The decade from 2010 to 2020 saw remarkable progress in speech recognition and related technology. Figure 1 is a timeline of some of the major developments in the research, software, and application of speech recognition over the previous decade. The decade saw the launch and spread of phone-based voice assistants like Apple Siri. Far-field devices like Amazon Alexa and Google Home were also released and proliferated.
These technologies were enabled in-part by the remarkable improvement in the word error rates of automatic speech recognition as a result of the rise of deep learning. The key drivers of the success of deep learning in speech recognition have been 1) the curation of massive transcribed data sets, 2) the rapid rate of progress in graphics processing units, and 3) the improvement in the learning algorithms and model architectures.
Thanks to these ingredients, the word error rate of speech recognizers improved consistently and substantially throughout the decade. On two of the most commonly studied benchmarks, automatic speech recognition word error rates have surpassed those of professional transcribers (see figure 3).
This remarkable progress invites the question: what is left for the coming decade to the year 2030? In the following, I attempt to answer this question. But, before I begin, I’d first like to share some observations on the general problem of predicting the future. These findings are inspired by the mathematician (as well as computer scientist and electrical engineer) Richard Hamming, who also happened to be particularly adept at forecasting the future of computing.
2 On Predicting the Future
Richard Hamming in The Art of Doing Science and Engineering [hamming1997art] makes many predictions, many of which have come to pass. Here are a few examples222Quotes and predictions are from chapters 2, 4, and 21 of hamming1997art.
He stated that by “the year 2020 it would be fairly universal practice for the expert in the field of application to do the actual program preparation rather than have experts in computers (and ignorant of the field of application) do the program preparation.”
He predicted that neural networks “represent a solution to the programming problem,” and that “they will probably play a large part in the future of computers.”
He predicted the prevalence of general-purpose rather than special-purpose hardware, digital over analog, and high-level programming languages all long before the field had decided one way or another.
He anticipated the use of fiber-optic cables in place of copper wire for communication well before the switch actually took place.
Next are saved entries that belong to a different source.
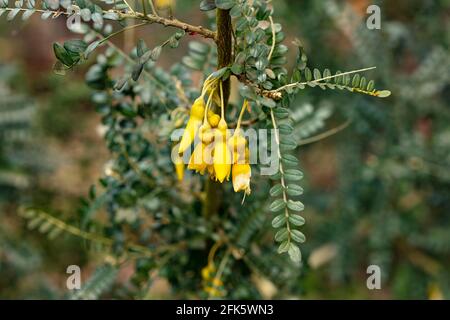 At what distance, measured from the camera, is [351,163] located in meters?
1.88

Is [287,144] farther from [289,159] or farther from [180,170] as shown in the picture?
[180,170]

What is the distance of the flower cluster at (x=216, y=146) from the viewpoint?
800 mm

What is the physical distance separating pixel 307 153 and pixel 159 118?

These are just a few examples of Hamming’s extraordinary prescience. Why was he so good at predicting the future? Here are a few observations which I think were key to his ability:
Practice: One doesn’t get good at predicting the future without actually practicing at it. Hamming practiced. He reserved every Friday afternoon “great thoughts” in which he mused on the future. But he didn’t just predict in isolation. He made his predictions public, which forced him to put them in a communicable form and held him accountable. For example, in 1960 Hamming gave a talk titled “The History of Computing to the Year 2000” (you may recognize the title) in which he predicted how computing would evolve over the next several decades.
Focus on fundamentals: In some ways, forecasting the future development of technology is just about understanding the present state of technology more than those around you. This requires both depth in one field as well as non-trivial breadth. This also requires the ability to rapidly assimilate new knowledge. Mastering the fundamentals builds a strong foundation for both.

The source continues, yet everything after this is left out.